Rafał Sonik na Woodstocku: McDonalds'y mają ważną rolę. Bez ekonomii kraj nie działa

- Nie gniewajcie się na McDonalds'y i zagraniczne koncerny w Polsce. Mają swoją społeczną rolę. Dzięki nim kraj płaci niższe odsetki od kredytów, a my jesteśmy tu, gdzie jesteśmy. Tylko solidny fundament ekonomiczny daje możliwość robienia tego, co się chce, a nie tego, co się musi - mówił w woodstockowej ASP Rafał Sonik, milioner, który został rajdowcem i wygrał Dakar.

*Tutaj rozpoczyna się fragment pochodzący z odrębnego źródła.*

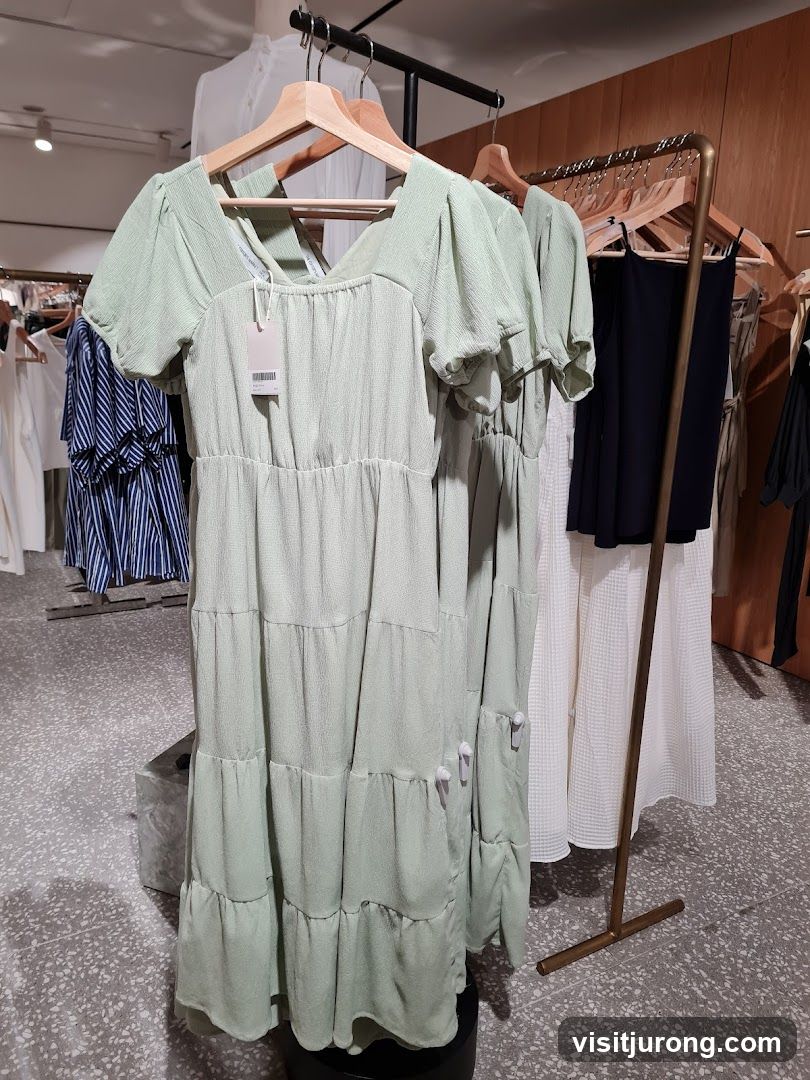 Light Green Tiered Dress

Gościem woodstockowego namiotu Akademii Sztuk Przepięknych był Rafał Sonik, zwycięzca rajdu Dakar, przedsiębiorca. Słuchało go kilka tysięcy ludzi. Właściwie po każdej dłuższej wypowiedzi Sonik zbierał burzę braw. Rajdowiec opowiadał o sporcie, biznesie, gospodarce. Nie szczędził opinii o tym, co go w Polsce wkurza. A wkurza go np. to, że ochrona meczów polskiej kadry idzie "z naszych pieniędzy". - Rozejrzyjcie się, co się dzieje pod Narodowym przed meczem. Te wszystkie policyjne wozy, ochroniarze, to wszystko jest opłacane z naszych podatków. Po co my to robimy, żeby pokazać się jako wiarygodni i sprawni organizatorzy? Przecież ci zawodnicy nie potrafią nawet wyjść ze strefy grupowej. Dlaczego politycy nie mają odwagi powiedzieć, że klub sportowy powinien utrzymywać się sam? Nie stać was, by grać na wielkim stadionie, zbudowanym też zresztą za nasze pieniądze? Grajcie na mniejszym. Te pieniądze mogłyby iść na młodych, ambitnych sportowców - mówił Rafał Sonik.

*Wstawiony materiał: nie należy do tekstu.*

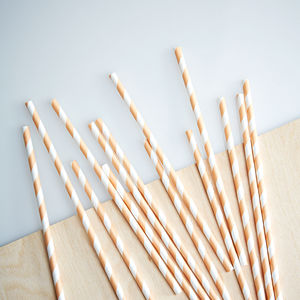 Raidallinen paperipilli, persikka (25 kpl)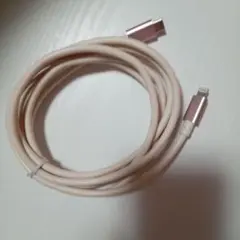 新品未使用 USB-C Lightningケーブル ピンク エレコム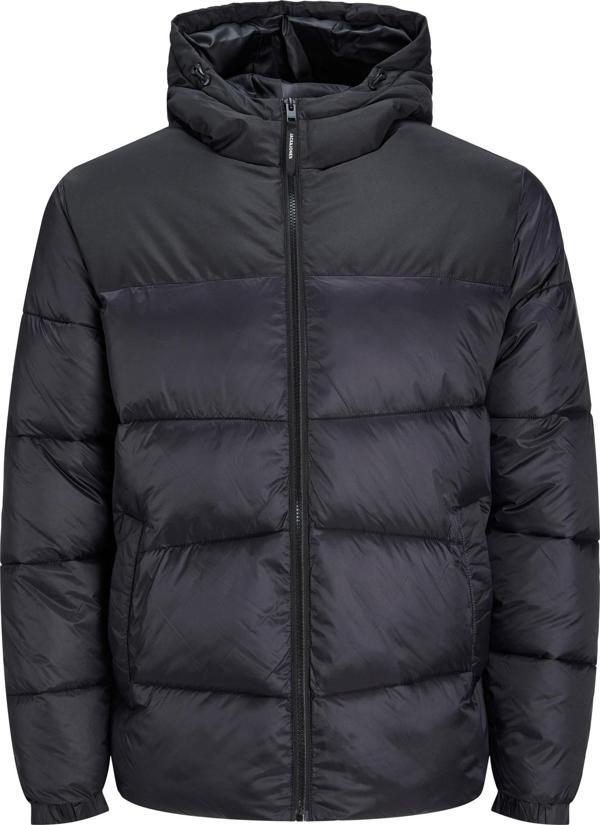 Jack Jones Chili Puffer Hood Ps Erkek Siyah Büyük Beden Mont 12219156-02 - Image 1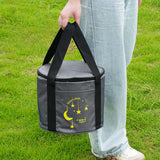 Maxbell Tableware Utensils Organizer Camping Pot Storage Bag for Backpacking Fishing Gray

Na tę kwestię zwrócił uwagę woodstockowicz z tłumu, pseudonim "Luis". Organizuje zloty zabytkowych samochodów, "ogórków" i garbusów. Mówił jak za każdym razem "mocuje się" z policją. - Nie kumam, w końcu robię coś fajnego, pozytywnego, pożytecznego. Dlaczego mi tak utrudniają? - pytał Sonika. A Sonik sprzedał mu swoją radę: - Słuchaj, dam ci mój numer telefonu, poważnie. Wyślemy do nich kalendarze, gadżety. Poprosimy ich tak ładnie, że im się zrobi głupio. Zaczną ci iść na rękę, a policja w innych miastach będzie brała z nich przykład. Uwierz mi, to zawsze działa - przekonywał rajdowiec.

McDonald's jak papier toaletowy

Rafał Sonik w 1992 r. otworzył w Polsce pierwszego McDonald'sa. Pierwszy McDonald's na rogu Marszałkowskiej w Warszawie to jego robota. - To dobrze czy źle? To tak, jakby zapytać, czy potrzebny nam papier toaletowy. McDonald's spełnia ważną rolę w naszej rzeczywistości. Prowadzi tzw. Big Mac Indeks, który jest ważną informacją dla gospodarki krajowej o tym, czy kraj jest w ogóle wydolny. Wszyscy mamy kredyty, kraje, które są zadłużone, płacą kolosalne odsetki. A te, u których działają koncerny zagraniczne, płacą mniejsze. Te pieniądze zostają w kraju. Nie grozi nam druga Grecja - mówi Sonik.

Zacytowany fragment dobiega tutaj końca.